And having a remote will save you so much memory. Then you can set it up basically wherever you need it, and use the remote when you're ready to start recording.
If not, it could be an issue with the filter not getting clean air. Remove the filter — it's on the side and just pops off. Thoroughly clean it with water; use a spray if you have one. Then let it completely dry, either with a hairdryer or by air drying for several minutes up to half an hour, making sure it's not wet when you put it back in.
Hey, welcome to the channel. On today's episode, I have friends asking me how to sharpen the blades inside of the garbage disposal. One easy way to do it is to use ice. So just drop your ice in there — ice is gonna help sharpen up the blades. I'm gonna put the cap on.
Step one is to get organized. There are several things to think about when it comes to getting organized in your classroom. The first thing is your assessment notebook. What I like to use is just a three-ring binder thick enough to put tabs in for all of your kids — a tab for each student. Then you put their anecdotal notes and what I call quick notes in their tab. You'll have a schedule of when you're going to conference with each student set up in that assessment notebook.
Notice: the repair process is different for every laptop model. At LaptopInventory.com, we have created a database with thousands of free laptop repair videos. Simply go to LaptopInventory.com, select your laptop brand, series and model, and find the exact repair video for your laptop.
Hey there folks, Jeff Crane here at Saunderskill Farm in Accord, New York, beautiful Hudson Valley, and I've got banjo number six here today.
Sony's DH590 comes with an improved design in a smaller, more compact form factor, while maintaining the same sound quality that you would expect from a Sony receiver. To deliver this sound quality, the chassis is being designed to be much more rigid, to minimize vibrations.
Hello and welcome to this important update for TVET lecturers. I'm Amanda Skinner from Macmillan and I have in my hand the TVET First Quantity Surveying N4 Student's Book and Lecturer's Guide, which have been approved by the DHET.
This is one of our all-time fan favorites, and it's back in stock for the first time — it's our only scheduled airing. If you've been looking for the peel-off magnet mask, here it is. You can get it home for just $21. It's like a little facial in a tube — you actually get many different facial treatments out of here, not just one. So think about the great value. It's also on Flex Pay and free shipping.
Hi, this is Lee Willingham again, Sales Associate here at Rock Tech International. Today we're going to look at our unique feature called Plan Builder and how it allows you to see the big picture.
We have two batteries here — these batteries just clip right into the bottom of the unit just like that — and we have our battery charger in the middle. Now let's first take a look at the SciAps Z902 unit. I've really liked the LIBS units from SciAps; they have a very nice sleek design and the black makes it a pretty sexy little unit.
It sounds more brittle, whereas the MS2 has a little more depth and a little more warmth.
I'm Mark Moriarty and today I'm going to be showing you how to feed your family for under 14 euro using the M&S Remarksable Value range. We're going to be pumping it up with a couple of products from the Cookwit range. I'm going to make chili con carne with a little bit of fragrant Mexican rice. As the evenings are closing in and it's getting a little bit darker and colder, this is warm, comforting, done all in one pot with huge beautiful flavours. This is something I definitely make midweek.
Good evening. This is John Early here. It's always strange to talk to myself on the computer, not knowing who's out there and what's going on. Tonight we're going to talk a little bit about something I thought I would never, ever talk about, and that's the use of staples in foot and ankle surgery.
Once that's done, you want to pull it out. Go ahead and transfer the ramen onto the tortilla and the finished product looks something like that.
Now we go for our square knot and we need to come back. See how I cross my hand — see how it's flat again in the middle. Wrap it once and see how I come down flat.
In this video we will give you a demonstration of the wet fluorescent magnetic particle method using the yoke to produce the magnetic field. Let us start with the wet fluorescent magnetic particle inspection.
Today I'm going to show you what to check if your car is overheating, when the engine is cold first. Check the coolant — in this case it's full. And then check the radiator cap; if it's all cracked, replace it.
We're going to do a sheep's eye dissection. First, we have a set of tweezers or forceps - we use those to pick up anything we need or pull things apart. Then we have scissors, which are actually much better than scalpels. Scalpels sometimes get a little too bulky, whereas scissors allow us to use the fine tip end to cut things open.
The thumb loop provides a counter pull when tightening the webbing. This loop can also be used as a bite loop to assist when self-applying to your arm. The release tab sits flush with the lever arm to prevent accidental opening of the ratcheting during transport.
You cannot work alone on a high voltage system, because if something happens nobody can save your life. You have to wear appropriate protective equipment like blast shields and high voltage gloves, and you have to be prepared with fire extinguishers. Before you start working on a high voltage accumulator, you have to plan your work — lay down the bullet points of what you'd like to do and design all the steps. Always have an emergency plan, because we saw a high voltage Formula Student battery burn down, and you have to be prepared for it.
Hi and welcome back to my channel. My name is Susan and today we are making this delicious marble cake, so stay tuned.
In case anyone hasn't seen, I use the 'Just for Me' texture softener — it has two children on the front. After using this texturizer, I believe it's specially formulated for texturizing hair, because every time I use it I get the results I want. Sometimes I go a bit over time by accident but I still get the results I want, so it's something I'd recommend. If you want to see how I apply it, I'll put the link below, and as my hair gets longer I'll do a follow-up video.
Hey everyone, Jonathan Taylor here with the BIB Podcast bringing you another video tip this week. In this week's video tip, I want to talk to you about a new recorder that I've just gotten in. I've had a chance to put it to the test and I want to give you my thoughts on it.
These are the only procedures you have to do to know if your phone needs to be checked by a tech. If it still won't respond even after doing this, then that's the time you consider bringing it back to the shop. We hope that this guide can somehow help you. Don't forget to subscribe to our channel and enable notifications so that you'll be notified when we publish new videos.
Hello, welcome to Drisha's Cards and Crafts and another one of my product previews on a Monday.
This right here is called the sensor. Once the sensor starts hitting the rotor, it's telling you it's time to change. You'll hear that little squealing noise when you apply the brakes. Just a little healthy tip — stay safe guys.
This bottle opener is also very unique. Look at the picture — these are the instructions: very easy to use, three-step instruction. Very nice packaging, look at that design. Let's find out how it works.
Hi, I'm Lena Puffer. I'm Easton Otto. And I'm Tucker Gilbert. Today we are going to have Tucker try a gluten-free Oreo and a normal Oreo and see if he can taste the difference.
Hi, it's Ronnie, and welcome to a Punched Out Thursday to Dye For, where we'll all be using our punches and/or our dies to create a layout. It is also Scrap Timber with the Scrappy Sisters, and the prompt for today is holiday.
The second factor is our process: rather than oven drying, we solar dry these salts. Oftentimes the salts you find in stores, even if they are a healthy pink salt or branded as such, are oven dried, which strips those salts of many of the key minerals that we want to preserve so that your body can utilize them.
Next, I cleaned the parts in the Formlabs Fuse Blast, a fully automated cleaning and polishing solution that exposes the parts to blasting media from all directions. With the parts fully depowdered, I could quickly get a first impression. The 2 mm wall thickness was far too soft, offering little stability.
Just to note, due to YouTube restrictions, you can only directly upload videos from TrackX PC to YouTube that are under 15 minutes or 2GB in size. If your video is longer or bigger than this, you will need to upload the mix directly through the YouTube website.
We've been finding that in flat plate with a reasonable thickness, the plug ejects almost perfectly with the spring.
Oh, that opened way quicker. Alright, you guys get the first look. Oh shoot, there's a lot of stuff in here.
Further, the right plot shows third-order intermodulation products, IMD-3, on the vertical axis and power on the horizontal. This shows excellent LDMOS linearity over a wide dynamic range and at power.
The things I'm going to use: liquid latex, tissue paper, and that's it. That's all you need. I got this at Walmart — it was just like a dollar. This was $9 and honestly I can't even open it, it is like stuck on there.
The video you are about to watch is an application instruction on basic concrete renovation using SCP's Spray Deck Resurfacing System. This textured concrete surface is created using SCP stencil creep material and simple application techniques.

◆ **Work instructions**: Pick every line of the data that includes the string "healthy".

◆ **Output of the exercise**:
This right here is called the sensor. Once the sensor starts hitting the rotor, it's telling you it's time to change. You'll hear that little squealing noise when you apply the brakes. Just a little healthy tip — stay safe guys.
The second factor is our process: rather than oven drying, we solar dry these salts. Oftentimes the salts you find in stores, even if they are a healthy pink salt or branded as such, are oven dried, which strips those salts of many of the key minerals that we want to preserve so that your body can utilize them.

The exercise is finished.